Newsweek gave Fareed Zakaria front-page treatment to a very sensible and long-overdue essay on what’s degrading America’s greatness: Fear. And he takes our drooling fear-monger of an ex-Governor to the woodshed:
The presidential campaign could have provided the opportunity for a national discussion of the new world we live in. So far, on the Republican side, it has turned into an exercise in chest-thumping. Whipping up hysteria requires magnifying the foe. The enemy is vast, global and relentless. Giuliani casually lumps together Iran and Al Qaeda. Mitt Romney goes further, banding together all the supposed bad guys. “This is about Shia and Sunni. This is about Hizbullah and Hamas and Al Qaeda and the Muslim Brotherhood,” he recently declared.

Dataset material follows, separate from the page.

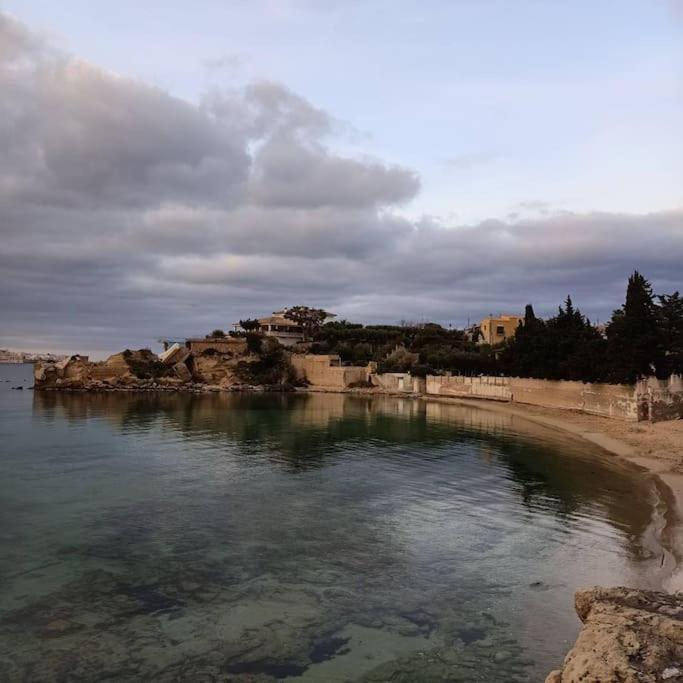 Casarizzi 24 Vacanze Ortigia Сиракуза Екстериор снимка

But Iran is a Shiite power and actually helped the United States topple the Qaeda-backed Taliban regime in Afghanistan. Qaeda-affiliated radical Sunnis are currently slaughtering Shiites in Iraq, and Iranian-backed Shiite militias are responding by executing and displacing Iraq’s Sunnis. We are repeating one of the central errors of the early cold war — putting together all our potential adversaries rather than dividing them. Mao and Stalin were both nasty. But they were nasties who disliked one another, a fact that could be exploited to the great benefit of the free world. To miss this is not strength. It’s stupidity.
I have to imagine the voting public would like to hear a strong, courageous, positive alternative to the fear-drenched hysteria of BushCo and its heirs. And that means calling fear-mongering just what it is. Call it by its name, and ask why we can’t do any better than this. Ask why our leaders are so quick to consent to being terrorized.
Edwards has come along somewhat in rejecting the “war on terror” trope; I look forward to the other candidates following suit.